◆ Exercise
If a line in the records below contains the word "background", return that line.

◆ Data to use
━━━━━━━━━━
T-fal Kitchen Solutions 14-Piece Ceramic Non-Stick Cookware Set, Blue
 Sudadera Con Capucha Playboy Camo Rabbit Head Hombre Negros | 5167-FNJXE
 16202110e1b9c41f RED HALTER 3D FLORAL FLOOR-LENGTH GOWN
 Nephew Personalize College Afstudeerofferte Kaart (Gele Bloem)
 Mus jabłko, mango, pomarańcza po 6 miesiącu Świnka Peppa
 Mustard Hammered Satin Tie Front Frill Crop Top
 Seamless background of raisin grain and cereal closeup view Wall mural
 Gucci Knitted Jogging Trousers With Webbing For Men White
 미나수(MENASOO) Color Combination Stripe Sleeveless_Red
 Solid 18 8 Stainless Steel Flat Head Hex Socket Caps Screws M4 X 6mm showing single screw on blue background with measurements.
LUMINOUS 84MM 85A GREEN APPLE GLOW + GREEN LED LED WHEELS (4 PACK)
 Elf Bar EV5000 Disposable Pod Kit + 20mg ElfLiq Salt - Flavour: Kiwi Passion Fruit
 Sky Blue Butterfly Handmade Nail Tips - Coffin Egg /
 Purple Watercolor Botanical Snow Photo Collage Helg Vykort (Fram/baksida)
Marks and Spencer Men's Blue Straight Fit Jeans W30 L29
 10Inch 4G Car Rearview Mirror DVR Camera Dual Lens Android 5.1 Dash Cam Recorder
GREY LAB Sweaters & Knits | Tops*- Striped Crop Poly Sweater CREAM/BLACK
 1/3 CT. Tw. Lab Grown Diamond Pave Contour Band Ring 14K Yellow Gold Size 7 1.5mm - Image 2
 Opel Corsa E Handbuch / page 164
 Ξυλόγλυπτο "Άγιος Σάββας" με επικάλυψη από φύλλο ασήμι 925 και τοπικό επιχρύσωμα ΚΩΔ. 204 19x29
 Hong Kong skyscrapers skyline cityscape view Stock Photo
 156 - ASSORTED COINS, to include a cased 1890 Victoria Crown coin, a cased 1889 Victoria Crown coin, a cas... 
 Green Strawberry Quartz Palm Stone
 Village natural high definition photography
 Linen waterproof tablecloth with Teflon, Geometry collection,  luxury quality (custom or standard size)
━━━━━━━━━━
◆ Solved problem
 Seamless background of raisin grain and cereal closeup view Wall mural
 Solid 18 8 Stainless Steel Flat Head Hex Socket Caps Screws M4 X 6mm showing single screw on blue background with measurements.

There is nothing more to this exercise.